Moderna’s Covid vaccine has been granted emergency use authorisation by the Food and Drug Administration.
It becomes the second company to get the go ahead, joining Pfizer, whose vaccine is now being given to patients across the US.
The move by the FDA came the day after its advisory panel unanimously recommended 20-0 for the company’s drug to get the green light.
“With the availability of two vaccines now for the prevention of Covid-19, the FDA has taken another crucial step in the fight against this global pandemic that is causing vast numbers of hospitalisations and deaths in the United States each day,” said FDA Commissioner Stephen Hahn.
“Through the FDA’s open and transparent scientific review process, two Covid-19 vaccines have been authorised in an expedited timeframe while adhering to the rigorous standards for safety, effectiveness, and manufacturing quality needed to support emergency use authorisation that the American people have come to expect from the FDA.”
The drug will now join the largest ever vaccination programme in US history, and go first to health care workers and nursing home residents.
US officials plan to ship 6 million doses of the Moderna vaccine in a first wave and, unlike Pfizer’s shot, which must be kept at ultra-cold temperatures, it can be stored in a regular freezer.
The government has ordered 200 million doses of Moderna’s vaccine to go with 100 million from Pfizer.

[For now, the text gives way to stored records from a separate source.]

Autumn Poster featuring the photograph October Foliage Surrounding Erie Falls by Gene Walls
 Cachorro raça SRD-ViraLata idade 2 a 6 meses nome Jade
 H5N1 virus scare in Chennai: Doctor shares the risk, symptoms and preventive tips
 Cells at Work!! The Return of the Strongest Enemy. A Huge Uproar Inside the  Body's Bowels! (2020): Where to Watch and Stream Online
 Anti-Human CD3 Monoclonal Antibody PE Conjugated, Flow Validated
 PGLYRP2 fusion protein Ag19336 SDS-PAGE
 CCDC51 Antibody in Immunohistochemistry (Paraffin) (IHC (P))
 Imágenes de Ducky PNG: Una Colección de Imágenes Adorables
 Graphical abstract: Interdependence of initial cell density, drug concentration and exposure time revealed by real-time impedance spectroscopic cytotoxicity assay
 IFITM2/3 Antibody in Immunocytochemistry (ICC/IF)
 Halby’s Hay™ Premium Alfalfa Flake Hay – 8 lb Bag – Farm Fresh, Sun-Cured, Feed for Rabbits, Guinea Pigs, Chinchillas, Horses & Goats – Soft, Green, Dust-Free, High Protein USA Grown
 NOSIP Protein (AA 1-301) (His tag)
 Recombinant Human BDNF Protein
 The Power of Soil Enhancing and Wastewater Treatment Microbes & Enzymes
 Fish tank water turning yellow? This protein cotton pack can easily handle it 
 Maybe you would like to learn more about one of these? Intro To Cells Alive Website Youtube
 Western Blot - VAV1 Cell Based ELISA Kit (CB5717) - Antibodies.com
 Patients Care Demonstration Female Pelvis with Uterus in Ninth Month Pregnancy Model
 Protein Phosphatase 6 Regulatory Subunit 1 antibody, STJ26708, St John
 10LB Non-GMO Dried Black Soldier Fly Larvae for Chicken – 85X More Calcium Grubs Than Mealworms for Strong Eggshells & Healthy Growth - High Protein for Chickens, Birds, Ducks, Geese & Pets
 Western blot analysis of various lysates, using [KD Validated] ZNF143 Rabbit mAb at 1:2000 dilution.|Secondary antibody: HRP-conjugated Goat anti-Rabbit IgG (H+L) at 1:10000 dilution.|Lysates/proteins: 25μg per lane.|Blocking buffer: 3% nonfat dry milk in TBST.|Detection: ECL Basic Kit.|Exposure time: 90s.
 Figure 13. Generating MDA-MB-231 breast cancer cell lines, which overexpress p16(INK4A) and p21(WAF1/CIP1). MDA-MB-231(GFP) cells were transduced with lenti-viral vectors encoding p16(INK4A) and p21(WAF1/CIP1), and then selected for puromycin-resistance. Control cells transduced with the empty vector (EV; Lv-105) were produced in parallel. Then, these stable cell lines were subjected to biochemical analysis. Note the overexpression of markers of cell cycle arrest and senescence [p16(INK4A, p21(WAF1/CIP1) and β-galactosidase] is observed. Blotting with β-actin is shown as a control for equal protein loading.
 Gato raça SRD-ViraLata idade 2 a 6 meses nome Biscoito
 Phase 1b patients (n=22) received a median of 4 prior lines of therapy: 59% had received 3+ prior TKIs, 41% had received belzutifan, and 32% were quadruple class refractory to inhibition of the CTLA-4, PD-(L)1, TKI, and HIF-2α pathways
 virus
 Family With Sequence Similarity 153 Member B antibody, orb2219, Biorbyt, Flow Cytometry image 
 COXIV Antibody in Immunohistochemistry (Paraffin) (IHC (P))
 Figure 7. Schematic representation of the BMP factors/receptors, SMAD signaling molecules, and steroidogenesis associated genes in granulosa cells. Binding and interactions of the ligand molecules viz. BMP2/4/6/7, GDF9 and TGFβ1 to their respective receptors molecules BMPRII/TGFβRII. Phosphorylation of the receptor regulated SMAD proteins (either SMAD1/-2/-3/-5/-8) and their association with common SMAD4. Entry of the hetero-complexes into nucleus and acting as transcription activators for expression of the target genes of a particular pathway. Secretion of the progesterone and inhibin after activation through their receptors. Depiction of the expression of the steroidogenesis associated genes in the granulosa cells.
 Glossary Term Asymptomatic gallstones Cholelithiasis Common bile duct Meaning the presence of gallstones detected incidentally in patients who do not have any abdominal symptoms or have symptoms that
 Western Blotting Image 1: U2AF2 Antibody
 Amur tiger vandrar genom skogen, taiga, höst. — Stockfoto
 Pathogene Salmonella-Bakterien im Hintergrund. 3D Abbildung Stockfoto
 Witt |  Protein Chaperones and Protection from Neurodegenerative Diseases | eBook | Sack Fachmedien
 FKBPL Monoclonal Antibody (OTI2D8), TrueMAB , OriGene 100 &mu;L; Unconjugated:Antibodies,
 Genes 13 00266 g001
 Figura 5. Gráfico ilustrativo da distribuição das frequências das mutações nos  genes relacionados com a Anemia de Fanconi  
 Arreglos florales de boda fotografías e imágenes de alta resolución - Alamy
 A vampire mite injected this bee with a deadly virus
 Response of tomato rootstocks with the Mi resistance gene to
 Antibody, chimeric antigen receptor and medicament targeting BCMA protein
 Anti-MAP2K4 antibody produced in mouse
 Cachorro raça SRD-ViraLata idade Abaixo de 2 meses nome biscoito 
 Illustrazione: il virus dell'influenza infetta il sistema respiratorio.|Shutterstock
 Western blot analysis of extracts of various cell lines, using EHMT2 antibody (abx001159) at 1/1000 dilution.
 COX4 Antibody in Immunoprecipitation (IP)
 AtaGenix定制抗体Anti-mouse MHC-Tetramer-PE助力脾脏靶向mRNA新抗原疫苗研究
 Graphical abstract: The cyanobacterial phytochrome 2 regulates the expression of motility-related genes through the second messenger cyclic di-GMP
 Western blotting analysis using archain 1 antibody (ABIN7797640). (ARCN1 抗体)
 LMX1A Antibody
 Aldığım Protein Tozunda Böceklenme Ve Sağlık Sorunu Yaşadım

Moderna’s vaccine is given in two shots that are taken 28 days apart, and has been proven to be 94 per cent effective.
Both vaccines use small pieces of genetic code called messenger RNA to get the body’s immune system to produce coronavirus antibodies, without actually using any virus.
They are the first vaccines of their kind ever authorised for use.
The Moderna vaccine, like the Pfizer one, has shown no serious reactions but has caused pain at the injection site, fatigue, headache, muscle pain, joint pain and chills.